DETROIT, Mich. — A group of pastors in Detroit plan to protest the unveiling of a Satanic statue later this month, which was sought to be placed next to a Ten Commandments monument on the grounds of the Oklahoma state capitol building.
As previously reported, the New York-based Satanic Temple issued a news release about its intentions in 2013 following the filing of a lawsuit by the American Civil Liberties Union (ACLU), which asserted that the presence of the Ten Commandments display on government property violated the Establishment Clause of the United States Constitution.
The Satanic Temple said that it offered to to donate a statue of Baphomet to be placed near the Ten Commandments display in order to “appease the ACLU’s concerns.”
“The statue will serve as a beacon calling for compassion and empathy among all living creatures,” spokesperson Lucien Greaves explained in his application to the Oklahoma Capitol Preservation Commission. “The statue will also have a functional purpose as a chair where people of all ages may sit on the lap of Satan for inspiration and contemplation.”
Last May, it was announced that the statue was nearing completion, which features the goat-headed figure Baphomet making the sign for the occult as he sits upon a throne with a pentagram overhead.
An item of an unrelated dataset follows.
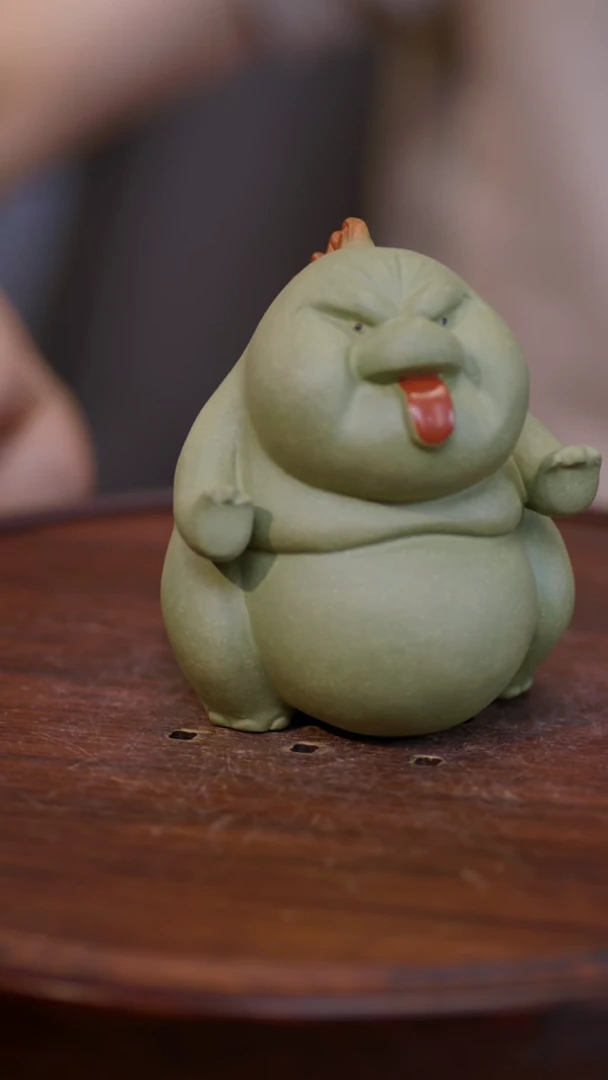 【闪购商品】紫砂茶宠小哥斯拉，，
Children fixate their eyes upon him on both sides.
In September, Seventh District Court Judge Thomas Prince concluded that the Ten Commandments monument serves a historical purpose and is not solely the presentment of a religious message as it sits on a plot of land that contains 51 other expressive monuments.
But the case was then appealed to the Oklahoma Supreme Court, which ruled last week that the monument violates the state Constitution’s prohibition on using government property to support a religion.
Prior to the ruling, the Satanic Temple announced that it would unveil its proposed “homage to Satan” in Detroit. Although the Oklahoma decision consequently resulted in the group nixing its plans to place the monument next to the Ten Commandments display, the unveiling is moving forward. The Satanic Temple now says that it might seek to erect the monument adjacent to a similar Decalogue display in Arkansas.
As the event is scheduled for July 25 at Bert’s Warehouse, a number of pastors in Detroit are rallying together to speak out against the devilish statue.
David Bullock, pastor of Greater St. Matthew Baptist Church, is one of the organizers of a counter event to be held on the same day.
“This is not even a real religion in my estimation,” Bullock told local television station WWJ. “They’re bringing a Baphomet statue to the city of Detroit valorizing, elevating Satan.”
“The last thing we need—in a city where we’re fighting against violence and fighting against economic problems and unemployment and the water crisis—is a statue dedicated to Satan right downtown,” he said.
Bullock invites other Christians to join him for the counter protest. The pastor has also contacted the owners of Bert’s Warehouse to request that the Baphomet event be canceled.
The Satanic Temple likewise raised concerns last December when it was granted permission to erect its “snaketivity scene” near a nativity scene on the Michigan capitol grounds. The statue featured a snake wrapped around a Satanic cross, with the snake offering the book “Revolt of the Angels” as a gift.
According to the Metro Times, while some have thought the Satanic Temple to actually espouse atheism, the group says that characterization is incorrect.
“We consider ourselves non-theistic Satanists,” spokesperson Jex Blackmore told the outlet. “Atheists don’t consider themselves part of a religion. Non-theists have a religion, but without God. That’s the difference.”
“Just as much as we get people who think that we’re into the biblical concept of Satan, we get people who think that we’re just posing as Satanists, and not truly Satanists or whatever you would say. Non-theistic Satanism is part of modern Satanism. It’s a misconception that we fight a lot that we’re trying to dispel.”